We have quite a few sales channels. One of the most important ones is WOM (word of mouth). It is important to us how we are advised and suggested.
Also, I believe in content marketing: I try to keep people engaged. We have captivating content everywhere: publications on various platforms, on the website, and social networks.
We are working on our image. It is very important to us, and here’s why. We imagined our client, for example, from HoReCa. The bar manager makes purchasing decisions, and we need them to hear from 5–6 different sources that Space provides great products.
Social media are more of an auxiliary tool for us: if we release a new drink, we make a splash on social media. We can get our subscribers excited by launching a contest. Or if we need additional traffic, we buy it on social networks.
We summarize every month: how much we sold, what worked, and what went wrong. We try to support events and activities in bars and fitness clubs.
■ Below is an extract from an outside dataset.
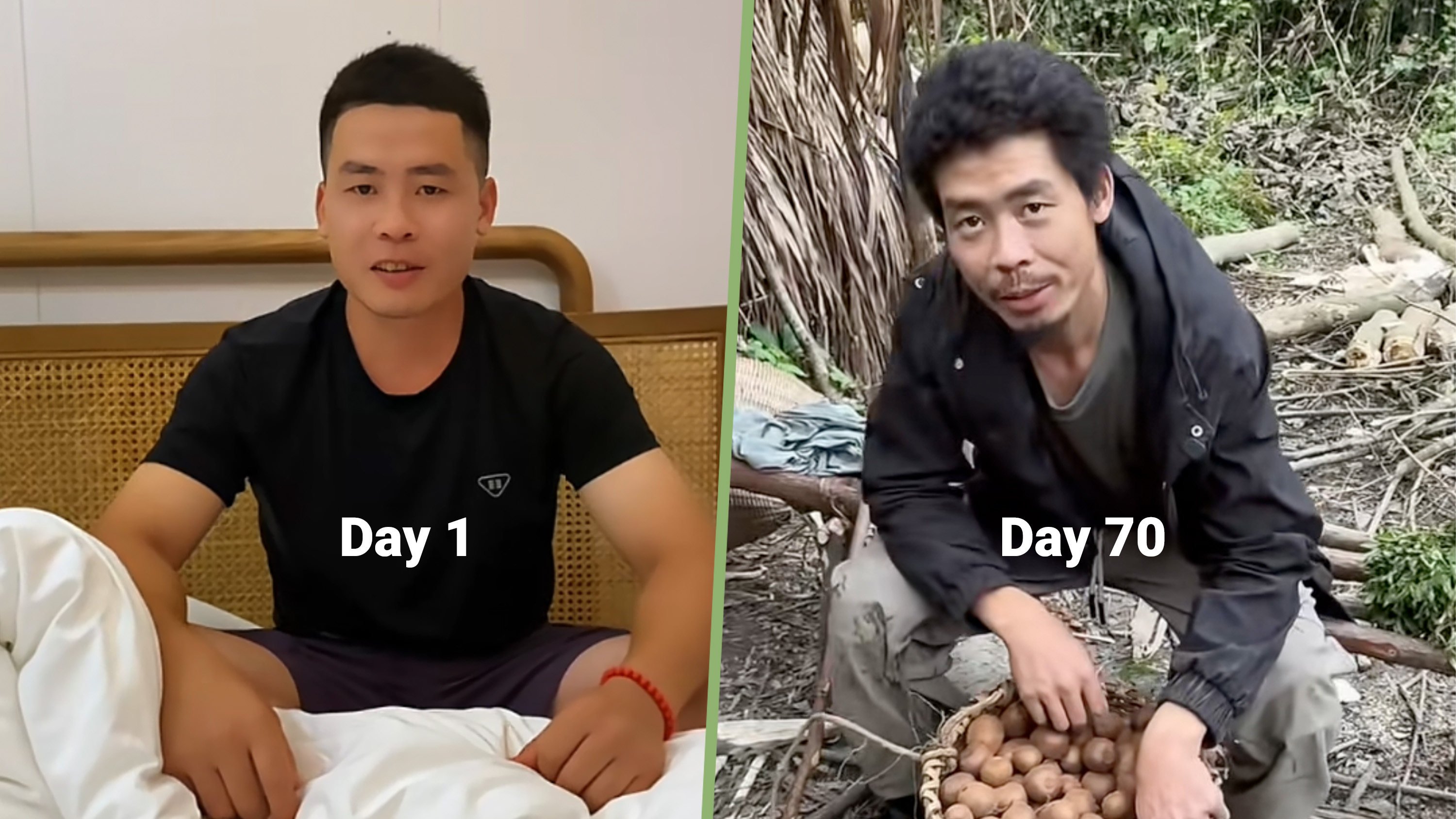 A man in China completed a 70-day jungle survival challenge, using homemade traps to catch rats and winning US$14,000 in prize money. Photo: SCMP composite/Douyin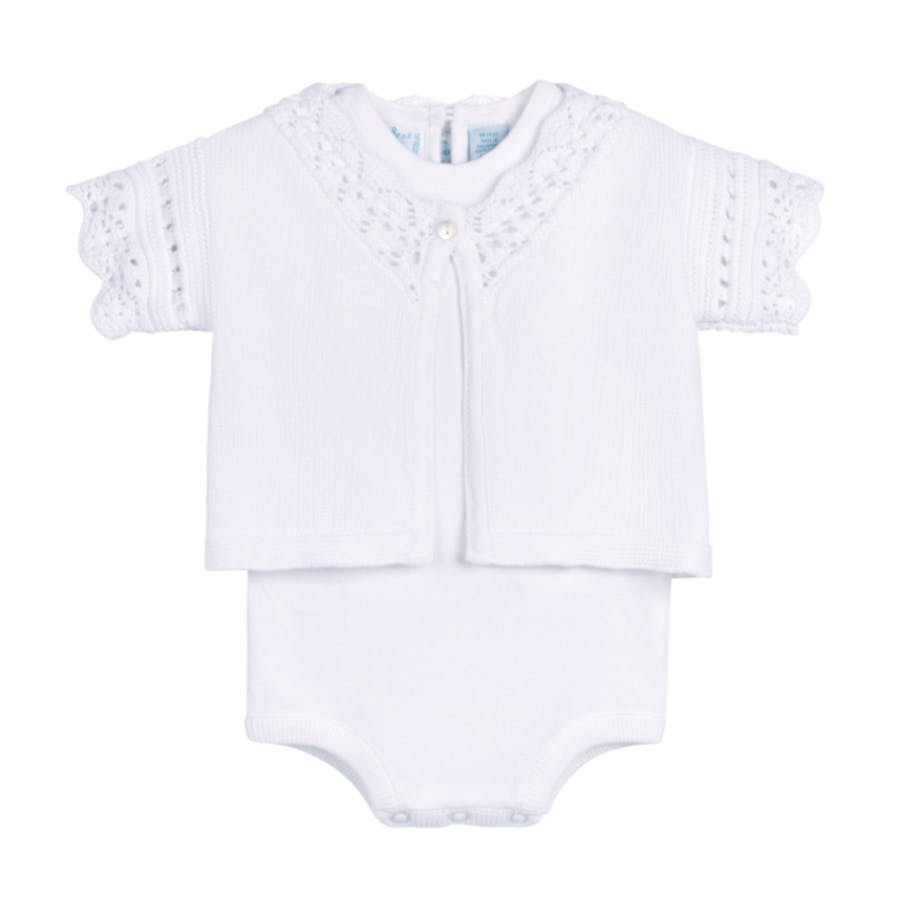 White Crochet Cardigan & Romper Set White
Competitors: Global Brands and Georgian Lemonades
We have a massively competitive environment — we have to compete with companies that have been on the market for many years. For example, Schweppes, which belongs to the oldest soft drink company. Jacob Schwepp invented tonic water in the form in which it exists today, and he also invented carbonated water.
We also have a direct competitor — Fentimans. These are English lemonades, and the company is 120 years old. During this time, one could have learned how to make just the perfect drinks!
Our competitors are mainly foreign brands, and this makes us very happy because their sales are highly dependent on exchange rates: their prices are much higher than ours. It turns out that we can compete.
And, of course, there are Georgian lemonades. If we talk about Natakhtari, we are as young as possible compared to them. And in terms of market coverage, we and they are in completely different weight categories.
If you have a similar business to Sergey, and you need to streamline your production management, Kladana can be of help. In our cloud app, you can create BOMs, and production orders, purchase raw materials, and sell finished goods.
You can also try partial manufacturing, calculate the unit cost, operation & labour costs, assign employees to particular production operations, and much more.
Plans — to Improve the Image of the Entire Country
We want to travel the world and open branches everywhere! Each of our lemonades has a «Made in Russia» badge — Artemiy Lebedev (a well-known Russian designer) did it. We want to show the world that there are good products in Russia.
There is often a rejection of a Russian brand: «Oh, are you Russian? Then we don’t need your lemonade.» We have to personally explain why we are good, useful, and profitable. Russian products really have a huge image problem.